After beginners luck building my first S@N Yagi / RTL-SDR meteor scatter detector rig, which picks up lots of meteors with good signal strength, I built a second one for my astro-soc's observatory. This one has proved far less sensitive.  A month or so ago, the local Radio Ham club were visiting, so I took the opportunity and had one of them test the antenna using their gear (since the S@N method is to basically build them blind and hope for the best). The results were poor, virtually no resonsance at any frequency across the entire range they could measure, and none at all at the Graves frequency.  They suggested looking for obvious faults like a short or an open circuit, but having tested those (easily with a multimeter) there is no problem apparent.

The radio guys were using a neat little "vector network analyser" (VNA) that basically generates a signal, has a dummy 50 ohm load attached to one port and the antenna to the other. The data is transmitted to an Android App running on a tablet. Looking in to it, the device and software runs to several hundred quid, which is out of the budget for what is supposed to be a cheap project.
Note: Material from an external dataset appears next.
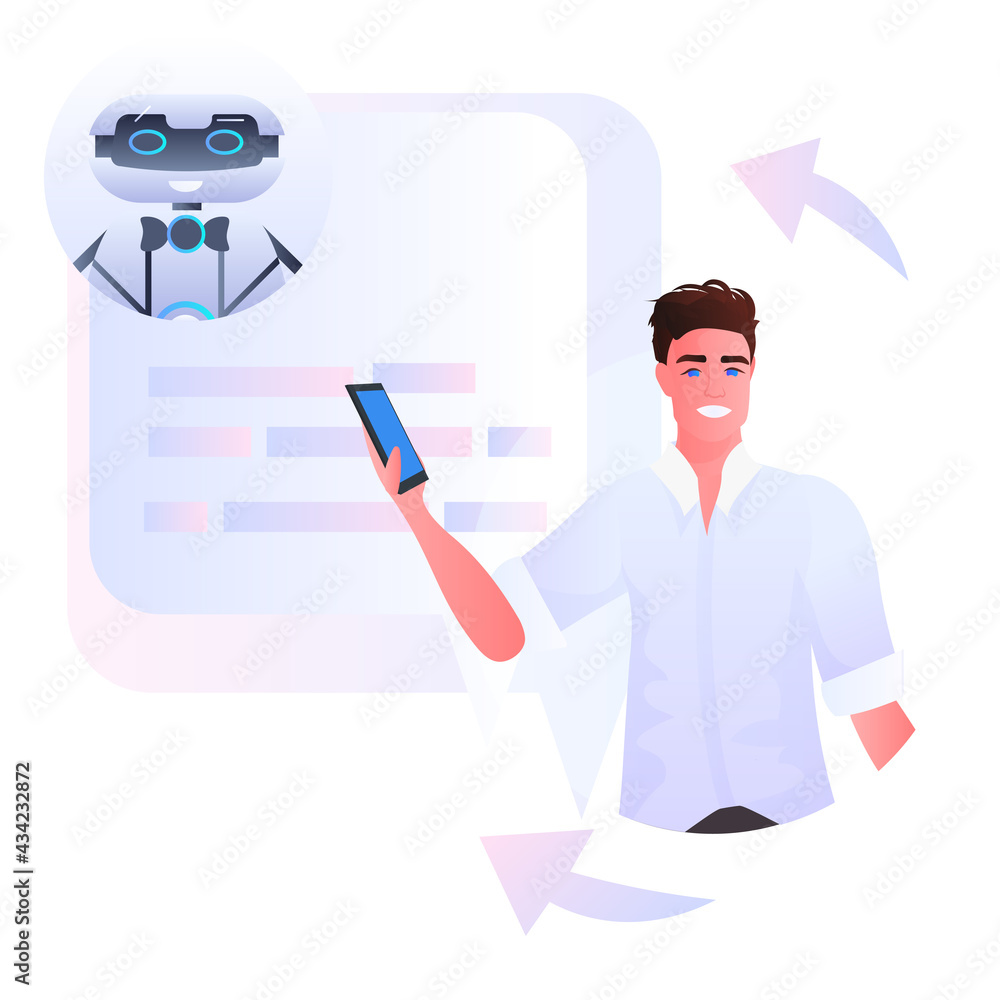 Poster man discussing with robot chatbot assistant in mobile messenger app artificial intelligence concept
I've been looking for alternatives and it seems like I've found something suitable here:

https://www.rtl-sdr.com/rtl-sdr-tutorial-measuring-filter-characteristics-and-antenna-vswr-with-an-rtl-sdr-and-noise-source/

It needs some free PC software and an RTL-SDR dongle, which obviously I have as they are basic requirements for the meteor detector setup.  In addition one needs:

A £9 noise generator:  https://www.ebay.co.uk/itm/2018-verison-Noise-Source-Simple-Spectrum-External-Generator-Tracking-Source-SMA/332754389427?hash=item4d79b509b3:g:T1AAAOSwBdRbazs0

An £8 RF SWR reflection bridge: https://www.ebay.co.uk/itm/RF-SWR-Reflection-Bridge-0-1-3000-MHZ-Antenna-Analyzer-VHF-VSWR-Return-Loss/192655050208?hash=item2cdb22c5e0:g:2f0AAOSwqF5bmIoj

A £1 50ohm dummy load: https://www.ebay.co.uk/itm/SMA-Male-RF-Coaxial-Termination-Dummy-Load-2W-2watt-DC-6-0GHz-50-ohm-Pretty/332529587180?hash=item4d6c4ed3ec:g:ZTcAAOSwdd9aZpsP

So it looks like I can measure the antenna performance using an additional £18 worth of parts. It's not as quick and neat as a VNA, especially as I will likely have to run repeated tests as I blunder about tweaking the antenna and feed points, etc. but it is a realistic cost.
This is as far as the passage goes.